Craig Jonathan C, Simpson Judy M, Williams Gabrielle J, Lowe Alison, Reynolds Graham J, McTaggart Steven J, Hodson Elisabeth M, Carapetis Jonathan R, Cranswick Noel E, Smith Grahame, Irwig Les M, Caldwell Patrina H Y, Hamilton Sana, Roy Leslie P
Screening and Test Evaluation Program and the School of Public Health, University of Sydney, Sydney, NSW, Australia.
N Engl J Med. 2009 Oct 29;361(18):1748-59. doi: 10.1056/NEJMoa0902295.
Antibiotics are widely administered to children with the intention of preventing urinary tract infection, but adequately powered, placebo-controlled trials regarding efficacy are lacking. This study from four Australian centers examined whether low-dose, continuous oral antibiotic therapy prevents urinary tract infection in predisposed children.
We randomly assigned children under the age of 18 years who had had one or more microbiologically proven urinary tract infections to receive either daily trimethoprim-sulfamethoxazole suspension (as 2 mg of trimethoprim plus 10 mg of sulfamethoxazole per kilogram of body weight) or placebo for 12 months. The primary outcome was microbiologically confirmed symptomatic urinary tract infection. Intention-to-treat analyses were performed with the use of time-to-event data.

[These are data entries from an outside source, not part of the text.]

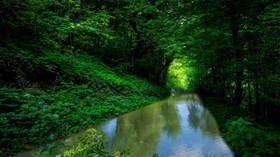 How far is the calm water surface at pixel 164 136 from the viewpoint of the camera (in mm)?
4914

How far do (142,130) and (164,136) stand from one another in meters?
0.88

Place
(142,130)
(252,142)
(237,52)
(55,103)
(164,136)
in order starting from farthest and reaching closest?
(237,52), (55,103), (142,130), (164,136), (252,142)

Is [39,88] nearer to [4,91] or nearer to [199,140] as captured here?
[4,91]

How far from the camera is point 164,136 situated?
6.17m

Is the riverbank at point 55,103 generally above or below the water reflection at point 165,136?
above

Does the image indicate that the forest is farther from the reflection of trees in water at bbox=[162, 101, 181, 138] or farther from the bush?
the reflection of trees in water at bbox=[162, 101, 181, 138]

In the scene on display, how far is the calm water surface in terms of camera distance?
193 inches

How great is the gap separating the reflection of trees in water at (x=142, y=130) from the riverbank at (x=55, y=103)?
89cm

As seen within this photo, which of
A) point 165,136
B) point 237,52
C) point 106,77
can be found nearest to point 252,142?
point 165,136

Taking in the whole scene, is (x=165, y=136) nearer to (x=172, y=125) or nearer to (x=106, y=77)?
(x=172, y=125)

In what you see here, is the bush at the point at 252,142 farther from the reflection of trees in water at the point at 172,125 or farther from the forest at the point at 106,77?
the reflection of trees in water at the point at 172,125

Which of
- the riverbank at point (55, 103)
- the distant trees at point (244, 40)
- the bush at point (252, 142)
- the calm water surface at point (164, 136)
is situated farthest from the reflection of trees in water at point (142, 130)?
the distant trees at point (244, 40)

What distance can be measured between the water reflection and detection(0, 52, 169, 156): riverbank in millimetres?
989

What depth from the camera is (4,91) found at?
19.9 ft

From December 1998 to March 2007, a total of 576 children (of 780 planned) underwent randomization. The median age at entry was 14 months; 64% of the patients were girls, 42% had known vesicoureteral reflux (at least grade III in 53% of these patients), and 71% were enrolled after the first diagnosis of urinary tract infection. During the study, urinary tract infection developed in 36 of 288 patients (13%) in the group receiving trimethoprim-sulfamethoxazole (antibiotic group) and in 55 of 288 patients (19%) in the placebo group (hazard ratio in the antibiotic group, 0.61; 95% confidence interval, 0.40 to 0.93; P = 0.02 by the log-rank test). In the antibiotic group, the reduction in the absolute risk of urinary tract infection (6 percentage points) appeared to be consistent across all subgroups of patients (P > or = 0.20 for all interactions).

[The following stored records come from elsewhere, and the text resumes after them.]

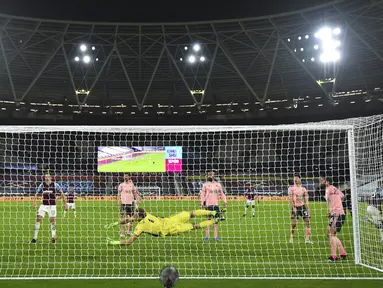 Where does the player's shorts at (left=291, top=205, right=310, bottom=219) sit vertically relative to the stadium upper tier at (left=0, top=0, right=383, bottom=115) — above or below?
below

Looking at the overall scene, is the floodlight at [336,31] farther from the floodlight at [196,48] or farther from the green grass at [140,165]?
the green grass at [140,165]

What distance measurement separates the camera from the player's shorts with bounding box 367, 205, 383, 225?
10734 millimetres

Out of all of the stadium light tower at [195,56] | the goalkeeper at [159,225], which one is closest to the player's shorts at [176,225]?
the goalkeeper at [159,225]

Long-term, low-dose trimethoprim-sulfamethoxazole was associated with a decreased number of urinary tract infections in predisposed children. The treatment effect appeared to be consistent but modest across subgroups. (Australian New Zealand Clinical Trials Registry number, ACTRN12608000470392.)
抗生素被广泛用于儿童以预防尿路感染,但缺乏足够样本量且采用安慰剂对照的关于其疗效的试验。这项来自澳大利亚四个中心的研究探讨了低剂量持续口服抗生素疗法能否预防易患尿路感染的儿童发生感染。

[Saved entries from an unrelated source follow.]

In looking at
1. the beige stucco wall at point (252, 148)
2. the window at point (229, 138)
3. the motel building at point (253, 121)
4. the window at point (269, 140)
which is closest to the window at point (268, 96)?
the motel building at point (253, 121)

我们将18岁以下曾有过一次或多次经微生物学证实的尿路感染的儿童随机分组,分别给予每日一次的甲氧苄啶 - 磺胺甲恶唑混悬液(剂量为每千克体重2毫克甲氧苄啶加10毫克磺胺甲恶唑)或安慰剂,为期12个月。主要结局是经微生物学证实的有症状尿路感染。采用事件发生时间数据进行意向性分析。
从1998年12月至2007年3月,共有576名儿童(计划纳入780名)接受了随机分组。入组时的中位年龄为14个月;64%的患者为女孩,42%已知有膀胱输尿管反流(其中53%为至少III级),71%在首次诊断尿路感染后入组。在研究期间,接受甲氧苄啶 - 磺胺甲恶唑治疗的288例患者中有36例(13%)发生尿路感染(抗生素组),安慰剂组288例患者中有55例(19%)发生尿路感染(抗生素组的风险比为0.61;95%置信区间为0.40至0.93;对数秩检验P = 0.02)。在抗生素组中,尿路感染绝对风险的降低(6个百分点)在所有亚组患者中似乎是一致的(所有交互作用P≥0.20)。
长期低剂量的甲氧苄啶 - 磺胺甲恶唑与易患尿路感染的儿童尿路感染次数减少有关。治疗效果在各亚组中似乎是一致的,但程度适中。(澳大利亚和新西兰临床试验注册编号,ACTRN12608000470392。)